Up to this point, the Pens have had an unbelievable season, and even if they lose all of their remaining games, their injury plagued season will still be respected by the rest of the hockey community. Although they’ve had a great season, people need to quit being naive and assuming that the Pens will automatically win a 1st round match-up against the Tampa Bay Lightning.
The Lightning have much more offensive talent than the Pens current roster. On paper, the Lightning’s offense could marginally match up against any offensive unit in the NHL with players like Steven Stamkos, Martin St. Louis, Vincent Lecavalier and Simon Gagne. Stamkos and St. Louis are two of the most talented forces in the league.

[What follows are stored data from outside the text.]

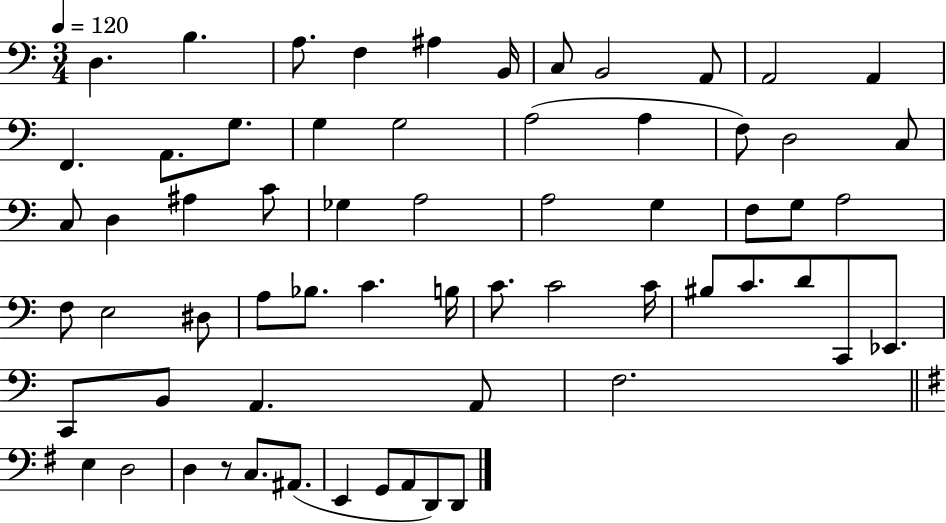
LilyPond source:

{
  \clef bass
  \numericTimeSignature
  \time 3/4
  \key c \major
  \tempo 4 = 120
  d4. b4. | a8. f4 ais4 b,16 | c8 b,2 a,8 | a,2 a,4 | \break f,4. a,8. g8. | g4 g2 | a2( a4 | f8) d2 c8 | \break c8 d4 ais4 c'8 | ges4 a2 | a2 g4 | f8 g8 a2 | \break f8 e2 dis8 | a8 bes8. c'4. b16 | c'8. c'2 c'16 | bis8 c'8. d'8 c,8 ees,8. | \break c,8 b,8 a,4. a,8 | f2. | \bar "||" \break \key e \minor e4 d2 | d4 r8 c8. ais,8.( | e,4 g,8 a,8 d,8) d,8 | \bar "|."
}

There is constant talk and emphasis that the playoffs are about defense. The Pens definitely have a more experienced defensive core compared to Tampa Bay heading into the playoffs. The Lightning’s defense is pretty weak, and they have actually surrendered more goals than they have scored this season.
Despite the Lightning having an over-the-hill starting goaltender in Dwayne Roloson, and as essential as defense can be in the post-season, the Pens have more problems than solutions heading into the playoffs. They aren’t going to have the luxury of a shootout.
It doesn’t take a genius to figure out that the Penguins cannot score goals. They’ve registered five goals in their last five games. Take away the services of Crosby and James Neal, and the Pens have one player, Chris Kunitz, who has scored over 20 goals. Neal got the majority of his goals with the Dallas Stars, and Crosby still leads the Pens in scoring by 10 goals despite not playing since the beginning of January. No one knows who is going to be the scoring source for the Pens going forward.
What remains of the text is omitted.